Thursday, February 21, 2008
The elections have been held, the current government has been voted out of power and has accepted the results of the polls, there was virtually no violence before, during or after the voting and the Devil is wearing long johns and earmuffs.
By 'virtually no violence' I, of course, mean by Pakistani standards. Naturally there were bombings in all the usual places, Quetta, Swat and the FATA, but these appear to have been unrelated to the elections specifically and were, rather, just life in balmy (please forgive the terrible pun) Pakistan. The local newspaper also carried a report of a wedding and the "three young women who were killed, on this happy occasion, while getting in the way of many celebratory firing of weapons". Rahman, you silly man, point your rifle towards the sky like the rest of us, you rascal!
In other news, an aunt and her brother kidnapped her nephew and "after torturing him for several days, slaughtered him in a terrible way due to her grudge against his father. They were only discovered as being the culprits after her brother let the cat out of the bag during dinner". Please pass the roti and daal and, by the way, we slaughtered young Amir this morning in a most terrible way, oops, I mean the curry is very good don't you agree?

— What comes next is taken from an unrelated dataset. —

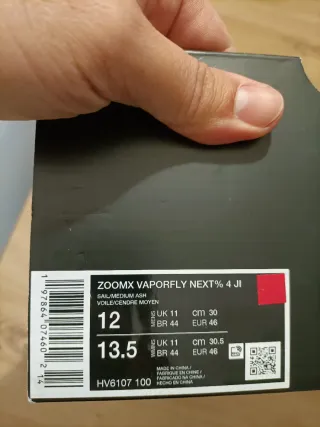 T46Nike ZoomX Vaporfly Next% 4 JI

Finally, in another part of the country a boy was eaten by wolves. "The young fellow and his mates were in the woods when they were set upon by a herd of wolves. While most of the boys made a good escape, Mohammad Saqib a slow boy, failed to get away and was eventually nibbled to bits by the beasts. When the villagers ran to the woods to rescue him, they were able to find only his clothing and some small parts of the boy". Somehow, being "nibbled to bits" makes it sound almost like fun...but I digress.
The elections were a huge success for Pakistan and represent the first time in the country's history that a government has been changed through a peaceful democratic election and not by military intervention. There are few claims of foul or vote rigging and, more importantly, no rioting or loss of life. For those of us who live here it's a bit strange, wonderful, but strange.
Several international organizations, citing security concerns, opted out of observing the elections. Our Embassy, however, fielded over twenty teams throughout Pakistan and observed polling stations from Karachi to Peshawar. The Embassy teams from Islamabad travelled as far south as Bahawalpur and PakPattan. Our responsibility was simply to observe the proceedings and make note of any obvious irregularities. Again, things went quite smoothly and we were allowed access to everything we wanted to see and reported very few concerns with the "Free and Fair" elections. Most importantly, to us, all of our teams went out, did their jobs and returned safely.
Leading up to the elections the country was overrun by representatives of the international media. You couldn't kick over a buffalo chip without two or three of them scurrying into the sunlight. Every night they stared solemnly into their cameras and predicted, with grave sincerity, massive bloodshed and loss of life in the days to come. With glycerin tears in their eyes they prayed that Pakistan might somehow avoid the inevitable upcoming tragedy and ratings boost. They oozed sincerity.
Surprisingly, the positive news of Pakistan's peaceful elections has received comparatively little coverage and the media have evaporated like a distasteful odor in a strong breeze.
I worked in the 'Command Center' and so didn't get to volunteer to take part on an observer team because I was tasked with keeping track of our people in the field. By 'people' I mean, of course, vehicles. As I explained to our drivers in all our pre-election briefings, "We can always get more diplomats, we can't replace the vehicles. Take care of those cars!". Here are a couple of photos of the Command Center which, admittedly, aren't half as interesting as photos of polling stations would have been.
We were in constant communication with all of our teams all day long for the entire three day exercise.
The cities represented by the clocks on the wall behind me are the direct result of some fairly intensive coin flipping.
This was the cake we had at the Motor Pool 'wheels up' Party.
My guys. The Islamabad U.S. Embassy Motor Pool team.
On a personal note, I submitted my bid list for my next post last Friday. In descending order, I asked for Rome, Athens, Madrid, Paris, Budapest, fifteen other cities and Suva, Fiji as a twenty-first choice. The way it works is that 'High Equity' bidders get assigned first and then everyone else gets what's left. My year in Islamabad qualifies me as a 'High Equity' bidder and I was fairly confident that I would get a post in my top ten, maybe even my top five if I got lucky. With no disrespect intended towards Suva, Fiji, I didn't really expect to have to accept my twenty-first choice and I only put it on the list as a lark.
The postings were announced this morning for the 'High Equity' group and, in recognition of a lifetime of sin and as penance, the Foreign Service has assigned me to Rome for my next job. The Church is already dusting off their "How To Do One Of Those Exorcism Things" books and many clergy are praying for my immediate reassignment to anyplace else. I'll go back to FSI this coming November to begin learning Italian (how tough can it be, I can already say "espresso") and then head off to Rome in August 2009. This will be a two year assignment, with one year as a Consular Officer and the second as an Economic Officer. The only problem with being told about my onward assignment this far in advance is that whenever anyone asks me about things I'm responsible for now, I just look at them and think, "Ok, but what does this have to do with Rome?"